# Problem to solve
The span to repeat in the listing below runs from the line containing "G2 Retractable Gel" to the line containing "Mugler Blue Low Rise Denim Flared Jeans", inclusive. Repeat it exactly, and only it.

# Provided records
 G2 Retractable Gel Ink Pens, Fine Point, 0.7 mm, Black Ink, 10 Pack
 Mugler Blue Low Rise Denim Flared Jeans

--

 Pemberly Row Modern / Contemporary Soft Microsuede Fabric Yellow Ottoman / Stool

# Answer for this exercise
 G2 Retractable Gel Ink Pens, Fine Point, 0.7 mm, Black Ink, 10 Pack
 Mugler Blue Low Rise Denim Flared Jeans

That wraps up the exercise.